Os Municípios, por não disporem de instituição oficial para colocação de seus títulos públicos no mercado, como acontece com a União, que conta com o Banco Central para realizar essa tarefa, costumam recorrer, com freqüência, à operação de crédito por antecipação de receitas tributárias – conhecida pela sigla ARO – dando em garantia dessa operação, às instituições financeiras, as parecelas do ICMS que lhes pertencem, na forma do art. 158, IV da Carta Política. Essa modalidade de crédito público pode ser classificada como aquela que a doutrina denomina de dívida pública flutuante, isto é, empréstimo de curto prazo. Ele é destinado a atender às insuficiências momentâneas de caixa. Não se trata de buscar recursos financeiros fora da previsão orçamentária. Apenas procura antecipar para o momento oportuno a realização da receita prevista. Logo, pouca influência terá na formação do déficit público, decorrente tão só das despesas representadas por pagamento de juros, já que a amortização da dívida pública far-se-á com a realização da receita vinculada. O objetivo deste artigo é o de examinar o alcance e o conteúdo da autorização constitucional de vincular produto da arrecadação de impostos, à luz da interpretação integrada dos textos normativos e da jurisprudência de nossos tribunais. Doutrinariamente a matéria é bastante controvertida.

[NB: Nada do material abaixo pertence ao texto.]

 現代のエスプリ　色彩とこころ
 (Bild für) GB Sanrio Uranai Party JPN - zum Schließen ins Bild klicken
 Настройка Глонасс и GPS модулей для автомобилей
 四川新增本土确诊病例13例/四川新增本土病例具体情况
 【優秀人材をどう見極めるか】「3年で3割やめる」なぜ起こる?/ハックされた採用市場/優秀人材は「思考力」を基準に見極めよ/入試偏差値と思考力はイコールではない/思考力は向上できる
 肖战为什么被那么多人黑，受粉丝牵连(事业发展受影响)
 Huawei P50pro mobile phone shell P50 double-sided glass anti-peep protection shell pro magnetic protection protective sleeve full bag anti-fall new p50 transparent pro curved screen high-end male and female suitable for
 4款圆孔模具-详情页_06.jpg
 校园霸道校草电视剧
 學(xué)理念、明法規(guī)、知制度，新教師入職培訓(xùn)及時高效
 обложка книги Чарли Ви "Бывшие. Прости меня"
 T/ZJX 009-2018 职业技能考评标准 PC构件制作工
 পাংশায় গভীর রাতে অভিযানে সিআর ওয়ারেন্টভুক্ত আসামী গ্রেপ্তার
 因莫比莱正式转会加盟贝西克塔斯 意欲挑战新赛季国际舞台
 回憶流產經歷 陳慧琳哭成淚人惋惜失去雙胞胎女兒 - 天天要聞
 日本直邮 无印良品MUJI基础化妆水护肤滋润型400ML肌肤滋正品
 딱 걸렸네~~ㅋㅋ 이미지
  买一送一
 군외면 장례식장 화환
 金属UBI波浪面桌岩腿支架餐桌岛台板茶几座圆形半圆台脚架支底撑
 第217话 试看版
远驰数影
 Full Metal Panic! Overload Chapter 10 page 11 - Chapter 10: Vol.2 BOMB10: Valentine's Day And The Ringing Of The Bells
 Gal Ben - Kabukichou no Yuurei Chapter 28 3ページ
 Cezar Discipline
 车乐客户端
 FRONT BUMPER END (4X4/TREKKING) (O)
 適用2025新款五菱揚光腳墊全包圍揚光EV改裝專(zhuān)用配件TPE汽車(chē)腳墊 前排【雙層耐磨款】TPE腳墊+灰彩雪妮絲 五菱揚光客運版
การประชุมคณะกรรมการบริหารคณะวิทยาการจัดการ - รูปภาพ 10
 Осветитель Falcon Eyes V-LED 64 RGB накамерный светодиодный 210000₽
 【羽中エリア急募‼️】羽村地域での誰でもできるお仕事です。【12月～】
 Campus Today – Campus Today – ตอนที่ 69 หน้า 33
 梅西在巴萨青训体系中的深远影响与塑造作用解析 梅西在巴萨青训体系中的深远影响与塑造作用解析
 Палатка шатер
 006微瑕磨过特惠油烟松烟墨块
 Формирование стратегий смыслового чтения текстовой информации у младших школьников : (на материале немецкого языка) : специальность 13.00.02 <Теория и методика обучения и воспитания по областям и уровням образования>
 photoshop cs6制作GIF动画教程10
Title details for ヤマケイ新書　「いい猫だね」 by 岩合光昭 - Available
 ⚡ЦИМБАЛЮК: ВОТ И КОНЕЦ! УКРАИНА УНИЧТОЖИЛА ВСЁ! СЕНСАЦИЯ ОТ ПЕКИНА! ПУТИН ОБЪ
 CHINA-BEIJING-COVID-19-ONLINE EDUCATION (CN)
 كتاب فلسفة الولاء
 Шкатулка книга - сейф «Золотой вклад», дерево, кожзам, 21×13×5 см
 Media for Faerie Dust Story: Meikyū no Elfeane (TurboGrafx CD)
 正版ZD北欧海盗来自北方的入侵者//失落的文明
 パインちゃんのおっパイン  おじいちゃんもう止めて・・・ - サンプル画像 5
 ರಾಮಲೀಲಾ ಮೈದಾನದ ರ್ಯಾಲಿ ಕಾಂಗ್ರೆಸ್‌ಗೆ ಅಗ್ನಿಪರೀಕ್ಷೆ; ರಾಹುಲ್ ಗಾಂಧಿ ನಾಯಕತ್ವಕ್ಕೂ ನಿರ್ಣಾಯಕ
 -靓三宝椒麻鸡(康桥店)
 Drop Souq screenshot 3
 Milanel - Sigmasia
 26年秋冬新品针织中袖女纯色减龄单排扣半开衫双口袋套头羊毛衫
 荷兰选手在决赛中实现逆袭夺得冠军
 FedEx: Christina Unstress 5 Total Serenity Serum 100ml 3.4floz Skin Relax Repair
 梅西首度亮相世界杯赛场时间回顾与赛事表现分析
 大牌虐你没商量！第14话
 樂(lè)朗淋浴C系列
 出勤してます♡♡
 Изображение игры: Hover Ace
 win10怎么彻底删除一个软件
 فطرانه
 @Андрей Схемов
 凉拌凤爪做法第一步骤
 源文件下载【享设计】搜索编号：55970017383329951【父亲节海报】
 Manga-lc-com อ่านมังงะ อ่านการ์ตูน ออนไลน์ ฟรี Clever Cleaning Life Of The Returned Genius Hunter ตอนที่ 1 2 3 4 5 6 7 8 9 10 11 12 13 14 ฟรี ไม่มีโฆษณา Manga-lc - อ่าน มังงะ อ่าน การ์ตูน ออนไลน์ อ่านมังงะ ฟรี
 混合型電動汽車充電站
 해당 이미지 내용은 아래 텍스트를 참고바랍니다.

2. Vinculação como garantia real
Maioria dos estudiosos entende que essa vinculação, autorizada pela parte final do inciso IV, do art. 167 da CF, tem o sentido de garantia pignoratícia de que cuida o direito civil, isto é, uma garantia real ao lado da hipoteca e da antricrese. Possibilitaria a sua excussão na hipótese de inadimplemento do poder público. Entretanto, esse entendimento colide com os demais textos constitucionais e contraria os princípios de direito financeiro. Transcrevamos os dispositivos constitucionais pertinentes para melhor exame:
“Art. 167 – São vedados: IV – a vinculação de receita de impostos a órgão, fundo ou despesa, ressalvadas a repartição do produto da arrecadação dos impostos a que se referem os arts. 158 e 159, a destinação de recursos para manutenção e desenvolvimento do ensino, como determinado pelo art. 212, e a prestação de garantias às operações de crédito por antecipação de receita, previstas no art. 165, § 8º, bem assim o disposto no § 4º deste artigo. § 4º -é permitida a vinculação de receitas próprias geradas pelos impostos a que se referem os arts. 155 e 156, e dos recursos de que tratam os arts. 157, 158 e 159, I a e b, e II, para a prestação de garantia…”
Interessante notar que grande parte dos que enfrentaram o exame dessa questão, ao mesmo tempo em que sustenta o caráter real dessa garantia, só reconhece a sua validade quando se tratar de imposto que não seja de competência impositiva da entidade contratante do crédito público. Esse posicionamento doutrinário parte do pressuposto de que vedação constitucional circunscreve-se à vinculação tão só dos impostos constitucionalmente outorgados a cada entidade política. Essa assertiva teria amparo lógico no princípio da indelegabilidade da competência impositiva, que resulta da discriminação constitucional de impostos. As verbas oriundas de transferências do produto de arrecadação de impostos por outras entidades políticas não estariam abrangidas pela proibição constitucional.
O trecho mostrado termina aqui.